Comrades! Let us now turn our attention to images of fascist, decadent, anti-revolutionary structures dedicated to that vile abomination which our dear Great Thinker Karl Marx had called "the opium of the masses!"
I'm speaking for myself (specifically my ex-seminarian self), but certainly any trip to Russia would not be complete without seeing up close its magnificent, centuries-old churches. These monuments to the Russian Orthodox faith, distinguished by their onion domes, spires and cupolas, are everywhere in Moscow. For 50 or so years the commies and their state-sponsored atheism ruled Russia, but in the end they were swept away, and the churches have remained standing.
Ladies and gentlemen, the state of the onion is strong.
This edifice is the first Russian church you will see, if only because it lies just a few miles down the road from the Moscow airport to the city proper. Our urbane guide Alex (who speaks 7 languages and has been to 120 countries, including the Philippines--"Zamboanga, Bohol, Negros, Clark, Cebu, Palawan," he rattled off...) said it was "a church of no consequence"--is there such a thing?--built only recently.
The Church of St. George on Poklonnaya Hill, built only in 1993-1995 as part of the Victory Memorial complex. The complex commemorates the 50th anniversary of Russia's victory against Nazi Germany in World War II (also known to Russians as the Great Patriotic War). The church is open only for celebrations and occasions related to the Memorial. But here's what's striking: in the complex is also found a synagogue and a mosque.
The Gateway Church of the Transfiguration, which leads to the 16th-century Novodevichy Convent (also known as New Maiden's Monastery). The convent was the favored place of exile for disgraced members of the Russian nobility. Peter the Great's half-sister Sofia was banished to this place and forced to become a nun, as was Feodor I's wife Irina. For a time, it was the richest monastery in the land. According to Wikipedia , by the 17th century, the convent owned 36 villages and 14,489 peasants!
The main church inside the Novodevichy Convent is this golden-domed cathedral dedicated to the Our Lady of Smolensk.
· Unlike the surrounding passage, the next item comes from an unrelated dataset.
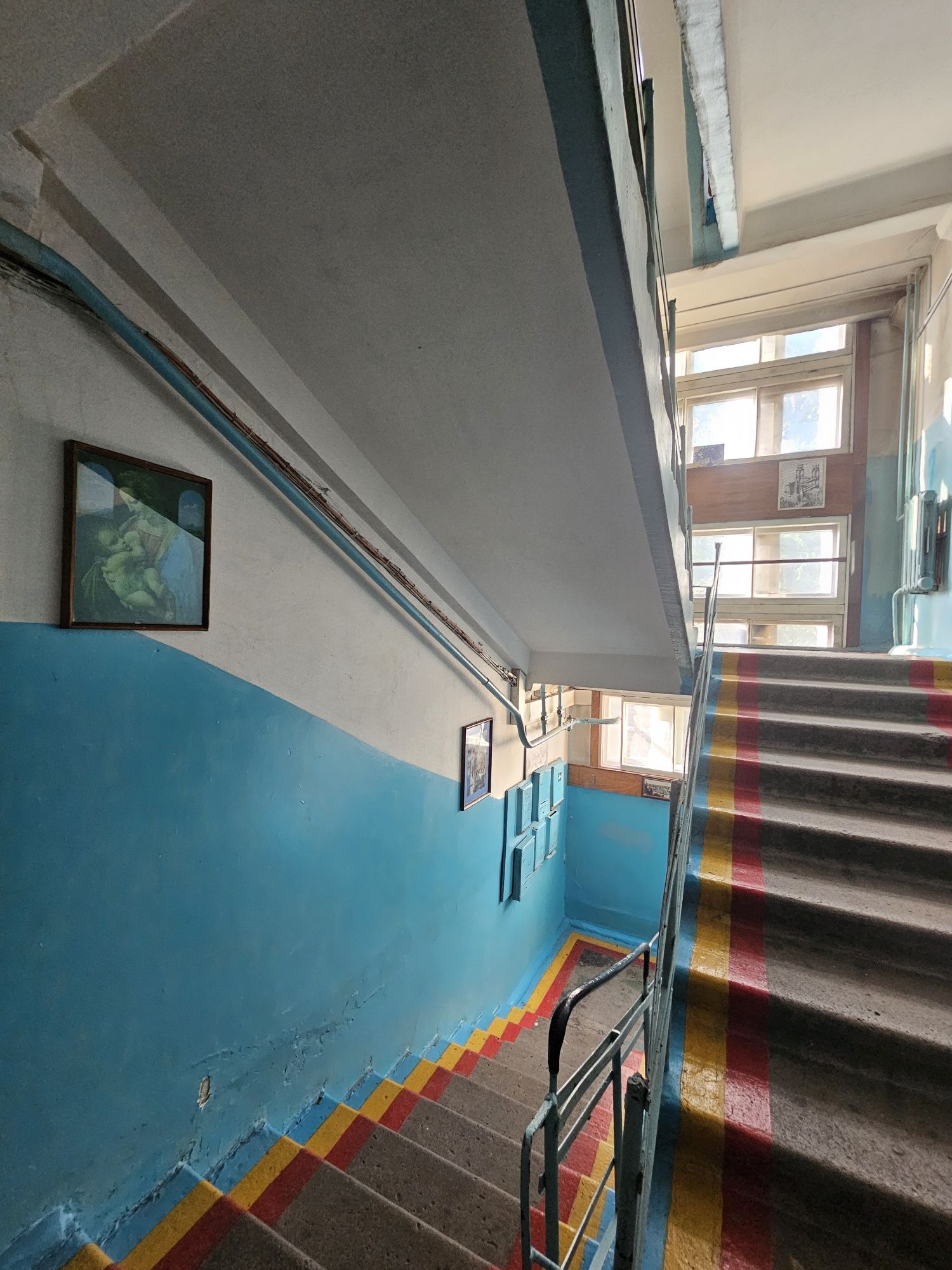 2к. Город. Продаю двухкомнатную квартиру в центре на пр.Абдирова, д.23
Built in 1524-1525, its interiors are adorned with floor-to-ceiling frescoes and a truly awesome iconostasis (altar decorated with icons). Fortunately, they allowed us to take pictures, so do scroll down...
There is no way I can adequately describe in words a sight such as this, so bless him who invented photography.
The central part of the iconostasis, with its incredible gilt detailing and parade of icons. The purple curtain near the bottom shades off the altar, beyond which no one is allowed except a priest or patriarch of the Russian Orthodox Church.
The Assumption Cathedral inside the Kremlin walls, which has even more astounding religious art and artifacts (including Ivan the Terrible's throne!). Built in 1479, the church was where generations of Russian czars and czarinas were crowned, even when the country's capital had been moved to St. Petersburg by Peter the Great. No picture-taking is allowed inside. Still...
Seeing the priceless treasures inside, things I might not see again in my lifetime, I just HAD to take photos, all of them on the sly. That explains the awkward angle of this picture. Nasita ako in the end, but it was worth it.
The golden crowns of the Assumption Cathedral in close-up. The sight is breathtaking from any angle.
The 11 domes of the Upper Savior Cathedral, 1679-81, representing the 11 (eleven!) ancient churches inside the Kremlin that have disappeared due to war, revolution, calamity or plain old age since the walled city's founding around the 11th century. The Kremlin, by the way, is like our Intramuros, only far better preserved.
The Cathedral of the Archangel Michael, which sits just outside The Assumption Cathedral. Puro simbahan! Indeed. Within a concentrated portion of the Kremlin's vast real estate stand seven ancient churches, huddled around what is now called Cathedral Square. This 16th-century church has a rather different function: it serves as the necropolis, or burial place, of various czars and grand princes. Their brass sarcophagi are all around the church, but their remains are buried in underground cellars. In the presence of dead people, I didn't dare take pictures.
The side entrance to the Archangel Michael Cathedral features these frescoes--faded now but still splendid enough to evoke the rich, unique history and culture that spawned them.
And finally, St. Basil's Cathedral on Red Square just outside the Kremlin walls. Enough said.